Mark Williams, founder of the grassroots disabled people’s organisation Bristol Reclaiming Independent Living, also called for Pursglove to resign.
He said the video was “a worrying response from a government department that targets those who are less likely to hit back” and was failing to target “the real culprits of serious fraud such as tax evaders”.
He said: “It is a typical reaction to what the government thinks Conservative voters want to hear as part of their Culture Wars rhetoric.”
Fiona Robertson, a disabled equalities consultant and former national equalities convenor for the SNP, said her heart had been “racing” since she saw the video.
She described in a blog how Pursglove’s tweet had activated the trauma she experienced 15 years ago – under a Labour-led DWP – when she was wrongly accused of benefit fraud.
DWP had taken pictures of her carrying shopping, even though she had made it clear in her application that her condition was fluctuating and that she “had days when I had to just do stuff and pay the energy and pain cost later”. Her benefits were later reinstated.
She said: “It’s been more than 15 years, and still every time I’m outside – every time – I’m afraid.
“Sometimes it’s just a background hum, sometimes it makes it hard to go out. I am aware all the time of how I look to a spy – am I smiling too much, moving too easily?”
Robertson said the incident had affected both her mental and physical health.
She wrote: “When physios recommend exercises using gym equipment or daily walks outside, I have to weigh the risk of complying because it might be used to take everything from me. Sometimes I’ve decided it’s worth it, sometimes not.”
She said: “This messaging from the DWP and, horrifically, from the Minister for Disabled People himself, is an act of material violence.
“It has catastrophic effects on people’s lives and physical and mental wellbeing. It is unforgivable.”
DWP claims it deleted the original tweet because it needed to make the details of the fraud case clearer, but it has refused to apologise for the video.

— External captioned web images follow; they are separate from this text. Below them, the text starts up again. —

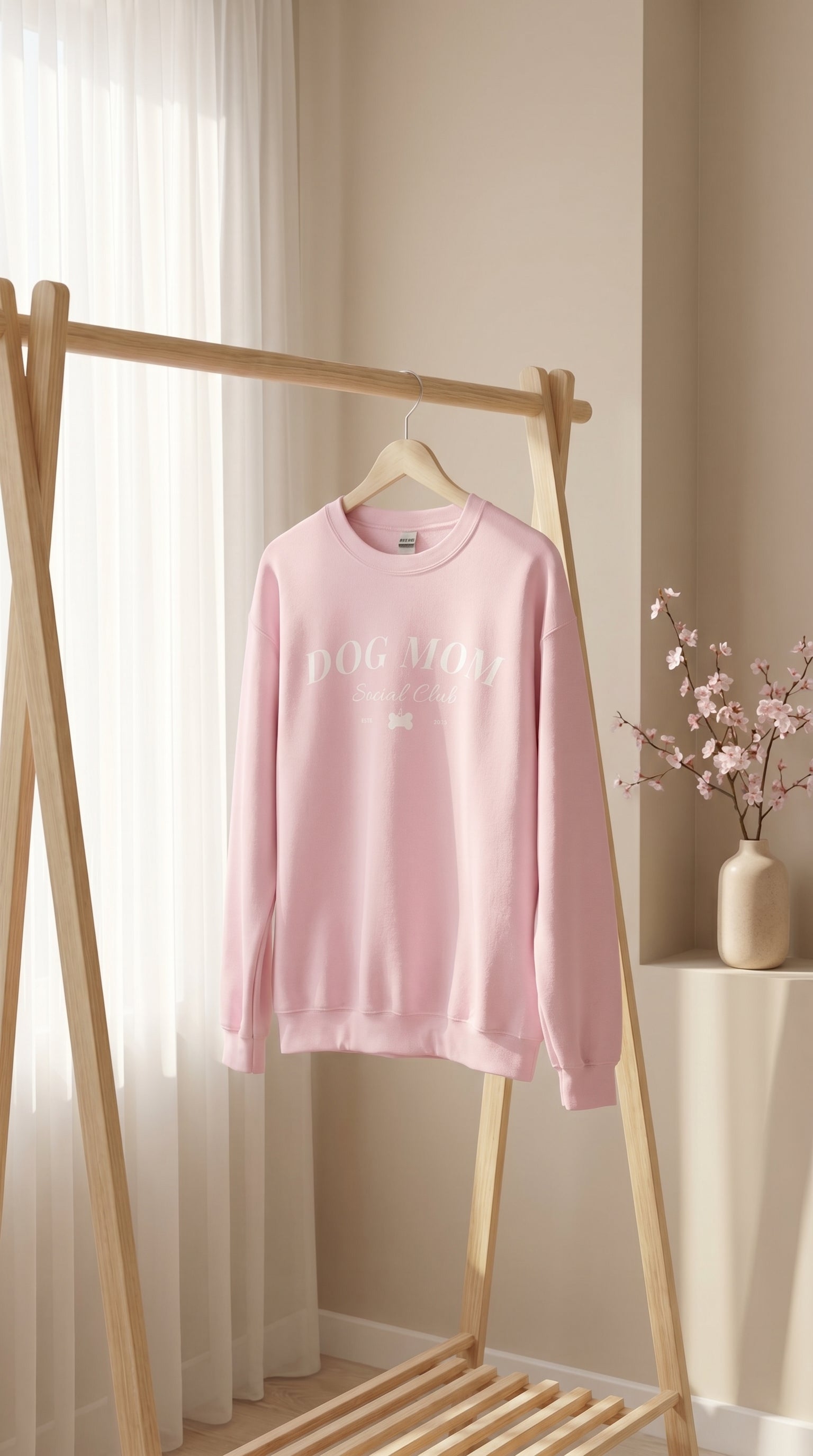 Pink sweatshirt with text on a wooden rack against a neutral wall.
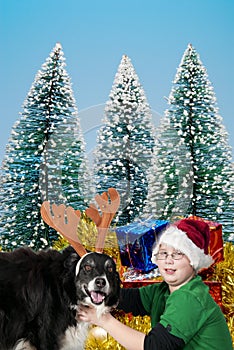 A Christmas boy and his reindeer dog
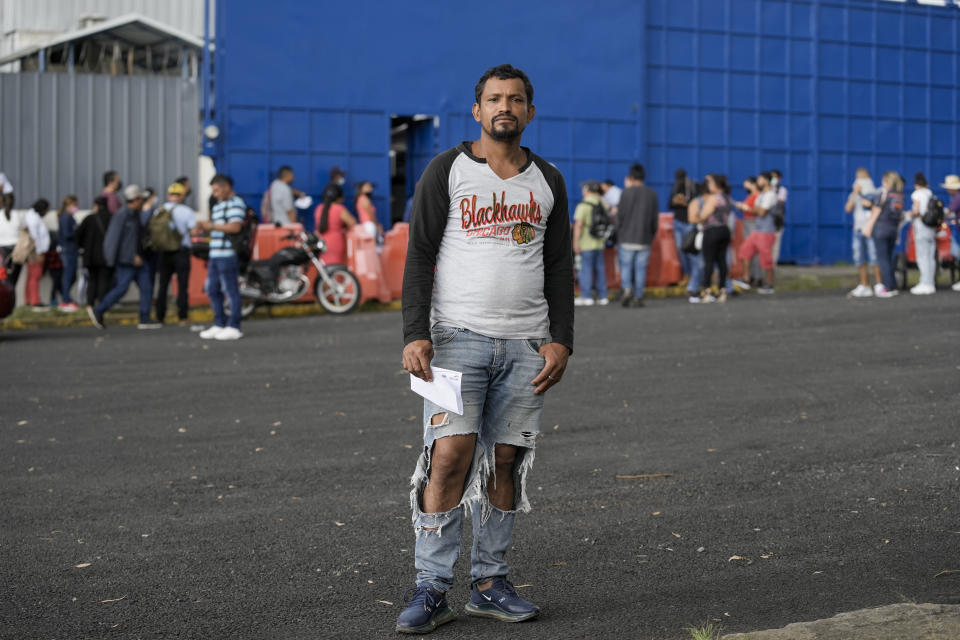 Nicaraguan David Esteban Narvaez poses for a portrait after receiving his asylum seeker credentials, which allows him to stay and work legally in Costa Rica, outside the Refugee Service Center in San Jose, Costa Rica, Monday, Aug. 29, 2022. Three months after applying for asylum, applicants can begin working legally, but many said that some employers do not recognize the government-issued card identifying them as asylum seekers. (AP Photo/Moises Castillo)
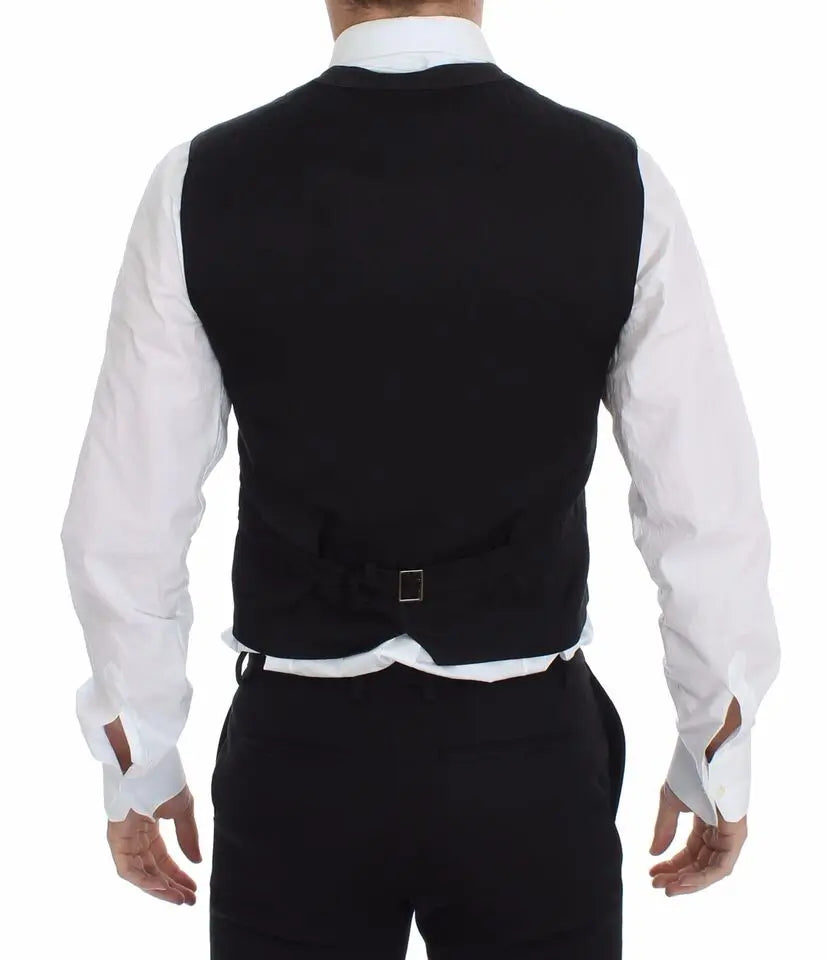 Black cotton viscose dress vest blazer with button front and pointed hem over white dress shirt and black tie.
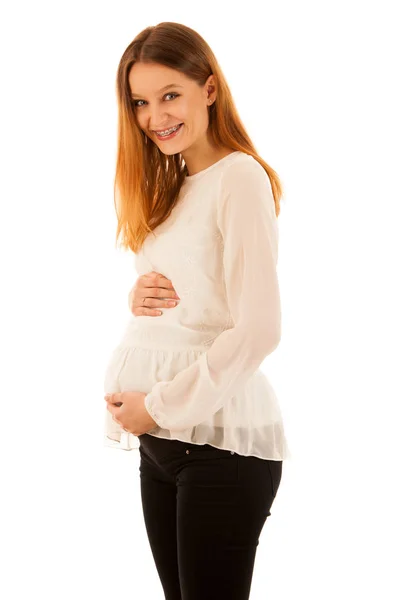 Vackra gravid kvinna som håller magen isolerade över vita backg — Stockfoto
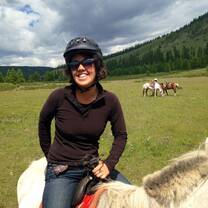 student smiling on horseback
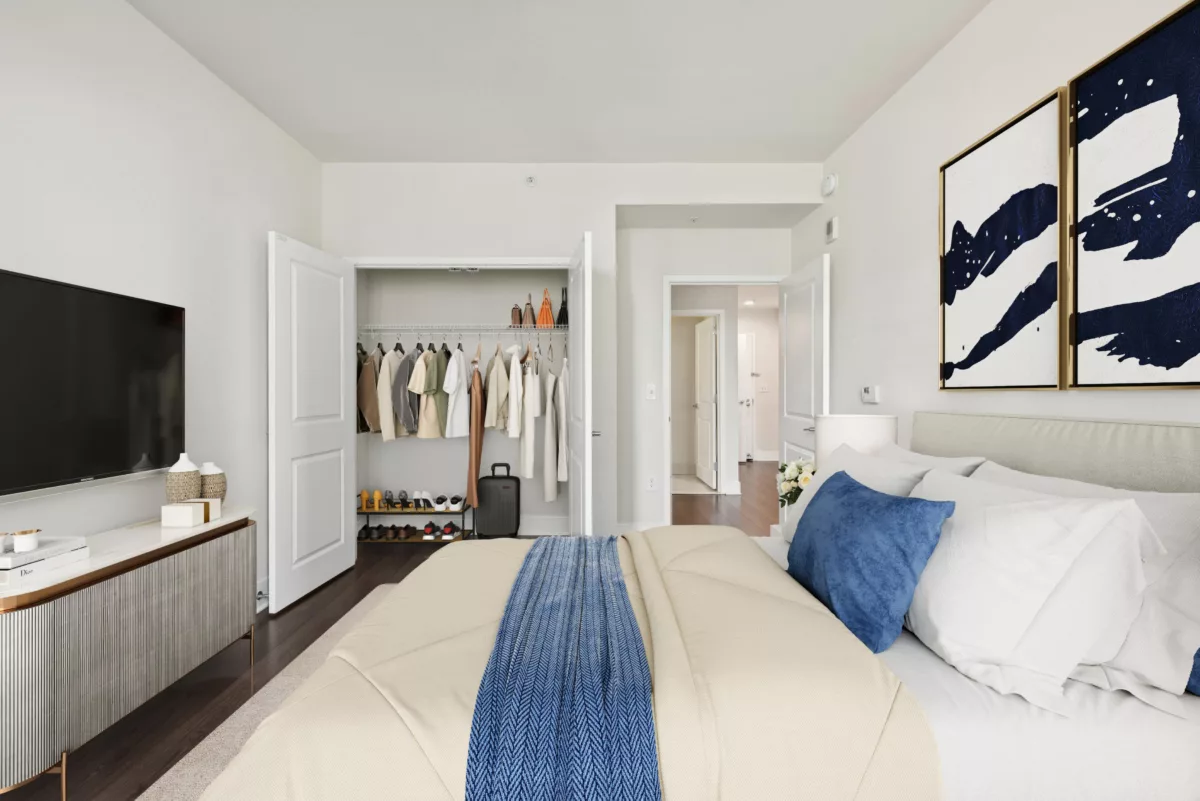 Bedroom with open closet, neutral bedding, and abstract wall art.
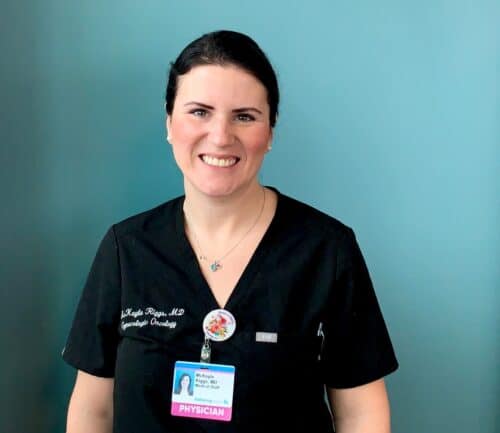 Dr. McKayla Riggs in front of a blue wall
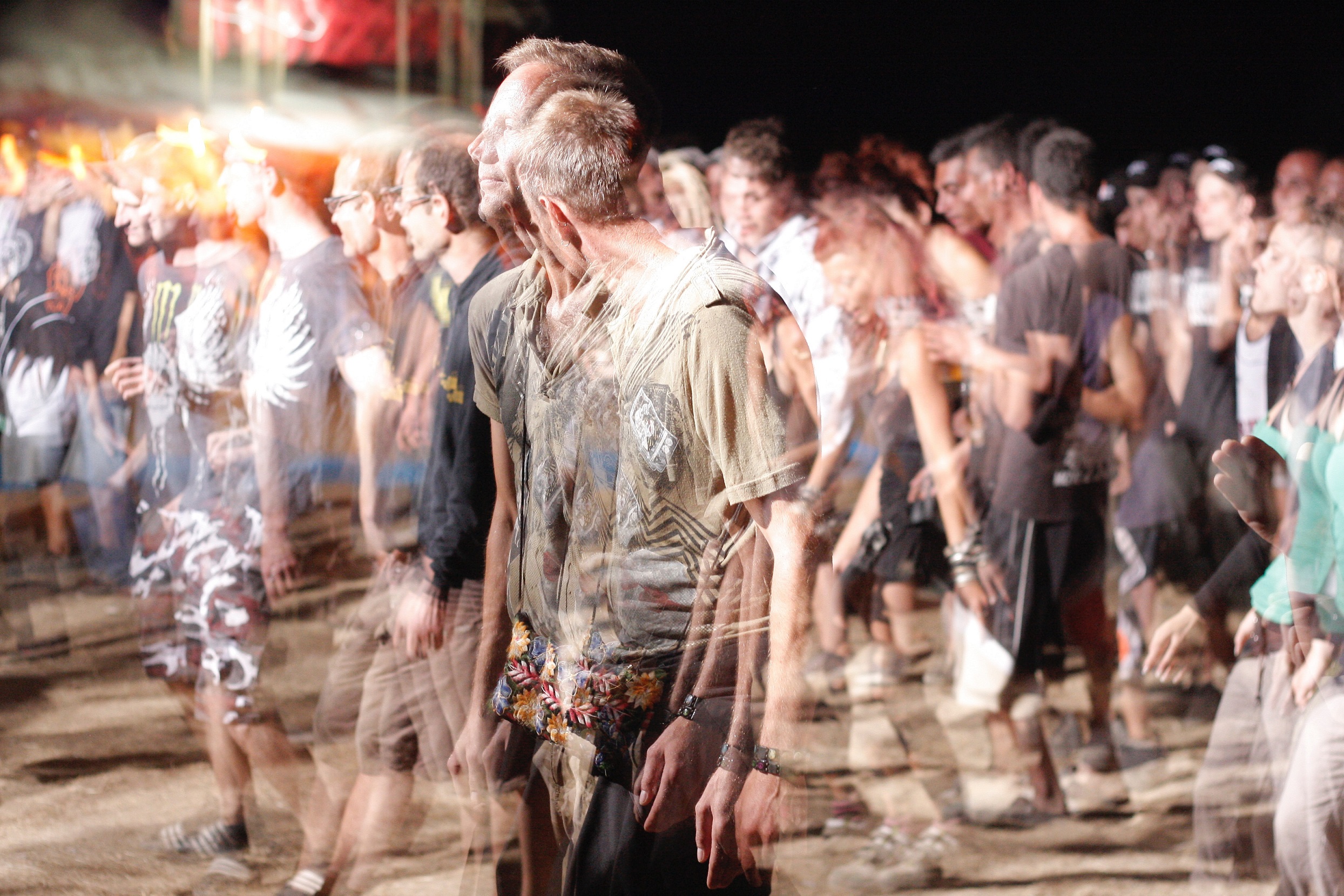 Slow shutter photo of man at an outdoor party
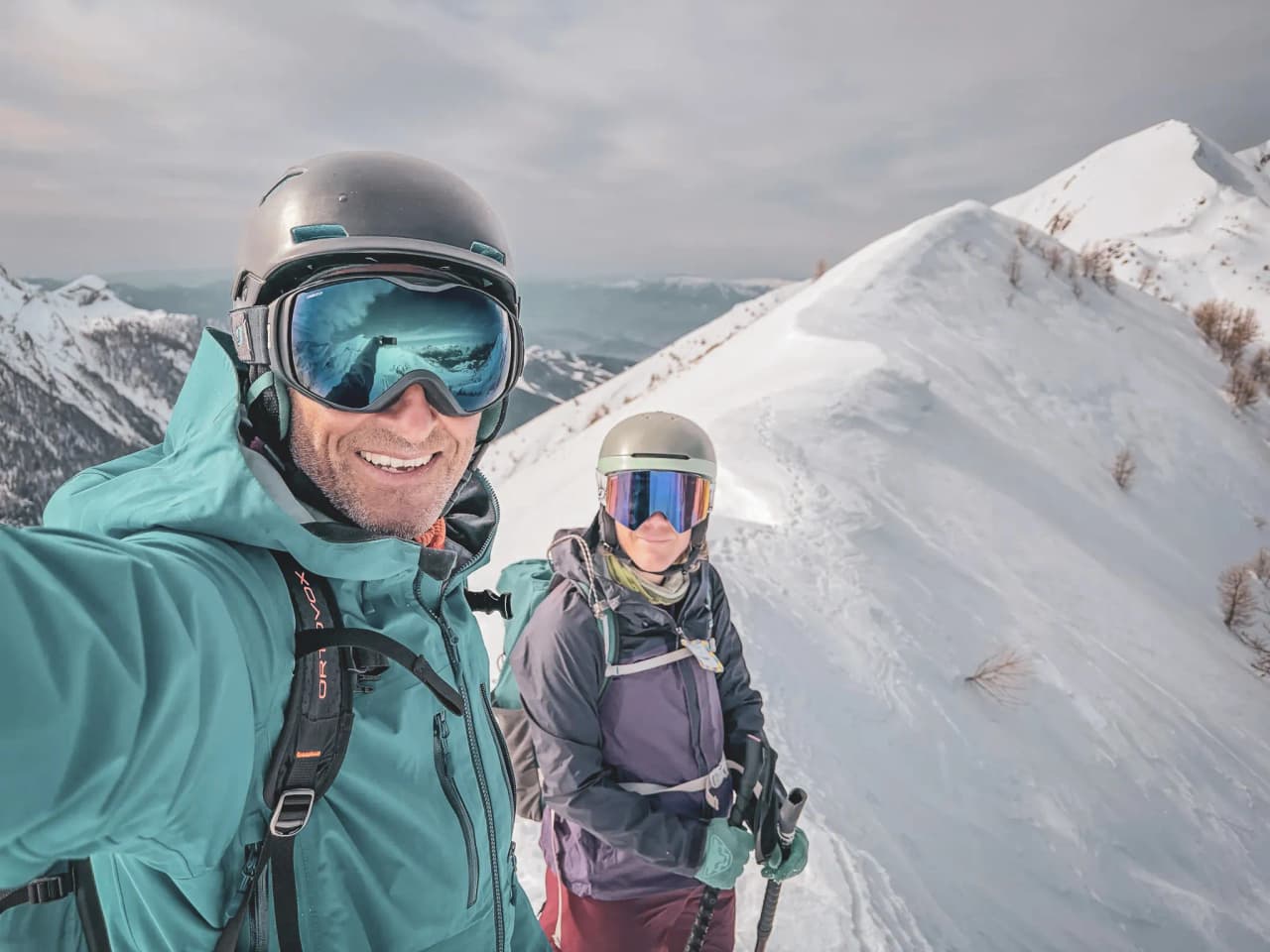 Ski touring in the Écrins: smiling skiers on a snow-covered peak beneath a clear sky.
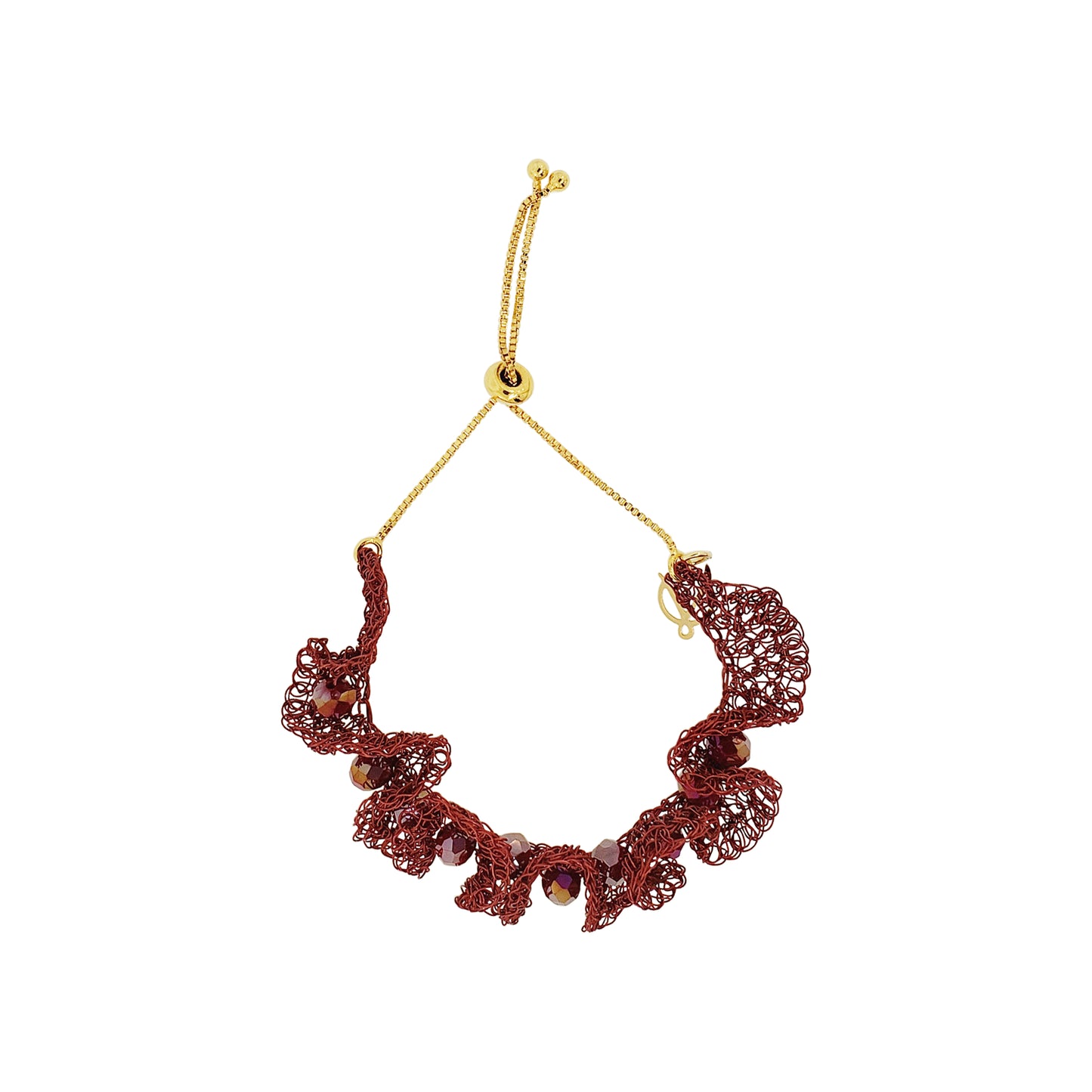 A gold chain necklace with a wide, ruffled burgundy-red mesh collar featuring small brown beads, displayed on a solid white background. Burgundy Mix Nalu handmade crochet bracelet featuring rich burgundy tones woven with 18K gold-filled and enameled wire in an adjustable design.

A DWP spokesperson said in a statement: “The suspects in the video are alleged to have created a number of identities to defraud £800,000 from the government – a very serious alleged attack on money meant for vulnerable people.
“We make no apology for using our channels to both deter fraudsters and reassure the public that we are using every tool in our armoury to protect taxpayers’ money.
“As is usual, the minister’s portfolio also covers other areas, one of which is fraud against the welfare system.
“This cost the taxpayer £8.6 billion last year and it is right that we do all we can to reduce that and ensure money goes to those who need it.
“This government is committed to supporting disabled people and those with health conditions live independent lives with the full support of the welfare payments available.”